Al di là dai sondaggi, è necessario fare alcune considerazioni.
La prossima riconferma di Erdogan non è casuale. Erdogan è riuscito ad esprimere, e a far emergere in maniera preponderante la concezione religiosa della società turca (attenzione: non fondamentalista), a lungo controllata ed emarginata dall’establishment laico militare kemalista. Grazie al golpe del 1980 è stato permesso a questa concezione religiosa di riapparire, come antidoto ad una possibile pericolosa “deriva” a sinistra di alcuni settori della società turca. Padre putativo di questa rinascita è stato Turgut Ozal (di origine curda) primo ministro e poi presidente della Turchia negli anni 80.
Erdogan, fondatore del partito Akp, sfruttando abilmente lo strumento dell’approccio all’Europa, intrapreso dal vecchio establishment (per la verità un approccio piuttosto virtuale e di facciata), è riuscito dopo ripetuti scontri con il vecchio establishment, guidato dall‘esercito turco, dall’alta magistratura e dalla burocrazia, a porre in quarantena i militari.
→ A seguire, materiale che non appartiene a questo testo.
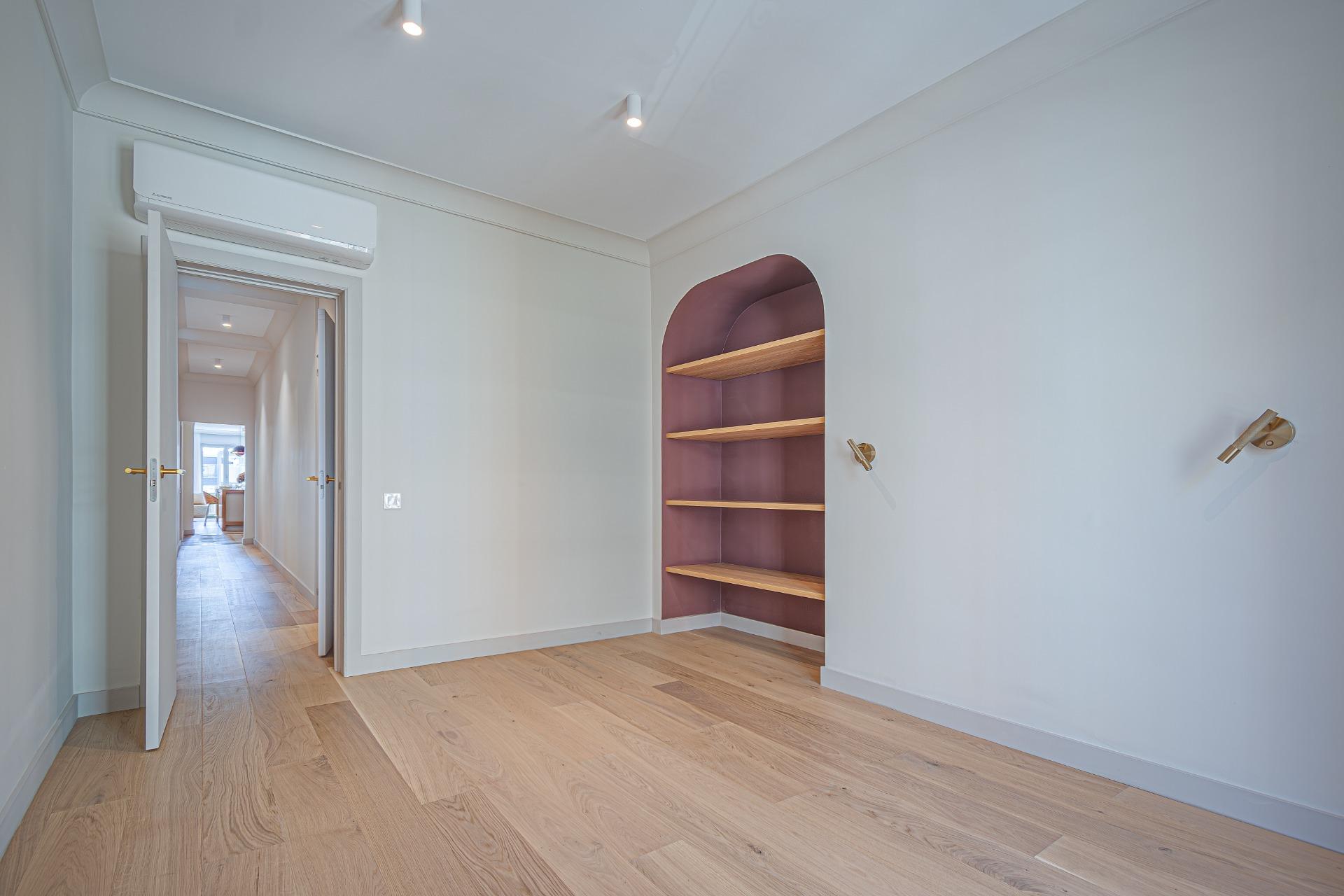 Luminoso piso reformado de diseño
Addirittura ha messo in carcere 163 di loro, in seguito ai casi “Ergenekon”, la cosiddetta “Gladio” turca e Bayloz.
Allo stesso tempo ha proceduto ad una certa democratizzazione della società turca, con la concessione di diritti alle minoranze impensabili prima d’ora; ma soprattutto è riuscito a dare carne ed ossa alla nuova classe medio borghese e imprenditrice molto intraprendente, di origine anatolica e di estrazione religiosa (sino ad allora latente), come risposta alla vecchia, ristretta classe borghese economica elitaria, che per la verità è stata inventata dal regime kemalista e per questo ad esso legata con un filo ombelicale.
Insomma Erdogan ha dato avvio a quelle riforme socio-economiche che mai nessun altro aveva osato prima di Kemal Ataturk, collocando la Turchia tra i Paesi emergenti, un Paese che, con il nulla-osta di Obama, è indicato come modello da imitare nello scacchiere medio orientale-anatolico. E questo anche se in politica estera Erdogan si è differenziato dal vecchio establishment kemalista, prendendo le distanze dagli Usa e da Israele, giudicati colpevoli di aver appoggiato la nascita di un Kurdistan nel Nord del Iraq.
Il peggior nemico di Tayyip Erdogan è la sua arroganza; espressa d’altronde da un enorme manifesto elettorale, di cui è tappezzata tutta la Turchia. A fianco della sua foto campeggia lo slogan "Hazil Hedef 2023" (“Il nostro fine è il 2023”). Insomma 100 anni dalla instaurazione della Repubblica da parte di Kemal Ataturk.